10/17/2012

Critique a Reader's Photo.....


One thing we should all be doing if we want to improve our photography skills is to learn how to critique images - both our own and other peoples. This is actually a great way of growing your photographic "eye", which is just as important as learning the technical side of photography - if not more. It's worth bearing in mind that it's not just the person receiving the critique that benefits - the person leaving one will too so it really is a win-win! Looking at our own photographs objectively is hard (especially if it is photos of our lovely kiddos) so an another pair of eyes to give an opinion, or to be able to look at photos we don't have an emotional connection to, can really help you on your photographic journey.

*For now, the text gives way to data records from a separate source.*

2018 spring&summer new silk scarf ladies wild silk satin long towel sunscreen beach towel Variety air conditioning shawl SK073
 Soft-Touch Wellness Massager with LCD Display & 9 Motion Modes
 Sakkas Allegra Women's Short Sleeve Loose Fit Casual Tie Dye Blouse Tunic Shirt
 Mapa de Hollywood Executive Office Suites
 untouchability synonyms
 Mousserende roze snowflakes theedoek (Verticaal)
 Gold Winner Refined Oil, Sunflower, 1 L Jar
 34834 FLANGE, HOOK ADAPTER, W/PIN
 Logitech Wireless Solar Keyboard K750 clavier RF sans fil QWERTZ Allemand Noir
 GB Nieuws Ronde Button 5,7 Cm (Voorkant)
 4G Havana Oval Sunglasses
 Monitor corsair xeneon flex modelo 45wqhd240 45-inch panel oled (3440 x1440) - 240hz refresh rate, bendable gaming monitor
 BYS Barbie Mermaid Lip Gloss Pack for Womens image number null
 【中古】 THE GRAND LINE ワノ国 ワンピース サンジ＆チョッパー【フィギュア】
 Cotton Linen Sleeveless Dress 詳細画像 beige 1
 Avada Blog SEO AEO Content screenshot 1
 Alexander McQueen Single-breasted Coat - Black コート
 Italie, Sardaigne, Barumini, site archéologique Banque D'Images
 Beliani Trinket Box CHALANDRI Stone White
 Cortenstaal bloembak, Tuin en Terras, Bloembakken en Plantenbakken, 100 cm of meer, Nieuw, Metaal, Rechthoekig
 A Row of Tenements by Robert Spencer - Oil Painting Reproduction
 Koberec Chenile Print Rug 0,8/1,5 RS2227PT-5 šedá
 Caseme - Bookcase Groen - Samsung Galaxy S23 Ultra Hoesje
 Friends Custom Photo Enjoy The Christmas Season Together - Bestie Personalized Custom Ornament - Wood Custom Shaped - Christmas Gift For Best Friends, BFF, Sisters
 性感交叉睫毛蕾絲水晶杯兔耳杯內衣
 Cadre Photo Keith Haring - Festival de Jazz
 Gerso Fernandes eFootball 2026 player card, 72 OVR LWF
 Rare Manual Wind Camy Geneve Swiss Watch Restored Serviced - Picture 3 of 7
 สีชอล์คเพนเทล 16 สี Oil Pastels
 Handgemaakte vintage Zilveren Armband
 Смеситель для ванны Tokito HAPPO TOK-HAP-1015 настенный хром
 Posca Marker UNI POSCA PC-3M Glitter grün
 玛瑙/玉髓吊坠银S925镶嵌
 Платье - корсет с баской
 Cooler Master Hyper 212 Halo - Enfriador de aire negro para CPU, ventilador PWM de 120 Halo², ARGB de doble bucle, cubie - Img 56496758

The lovely Jan has been very, very brave to be the first up to send in a photo for everyone to look at and critique. (she has already given me her list of what she thinks is wrong!!) Please take a moment to leave a comment - even if you think that because you are also learning your opinion doesn't count, it does and will help, regardless of how much you feel you are able to contribute. Even if you don't want to comment on the technical side, just give your emotional response. Take a look at How to Critique a Photo for some questions to ask yourself.


Settings: F1.8 / 1/500 / ISO200

What to do

1) Take a moment to study the photograph and look at exposure, composition, white balance, depth of field etc. You can say how the photo makes you feel, or what your eye was drawn to in the image, or whether something distracted you. Take a look at How to Critique a Photo for more guidance.

2) Leave a comment below with your critique. Go further than just saying "nice photo" or "cute!" - be specific about the things you like and what you would change. Please always leave a comment that has an improvement tip, and remember to keep it constructive.

I'm going to write my critique after you have had a go, but please, please, please take the time to do so - you will start to find your eye for composition, color, exposure etc will start to kick in after you have done a few and I promise you will learn a lot about photography from doing so.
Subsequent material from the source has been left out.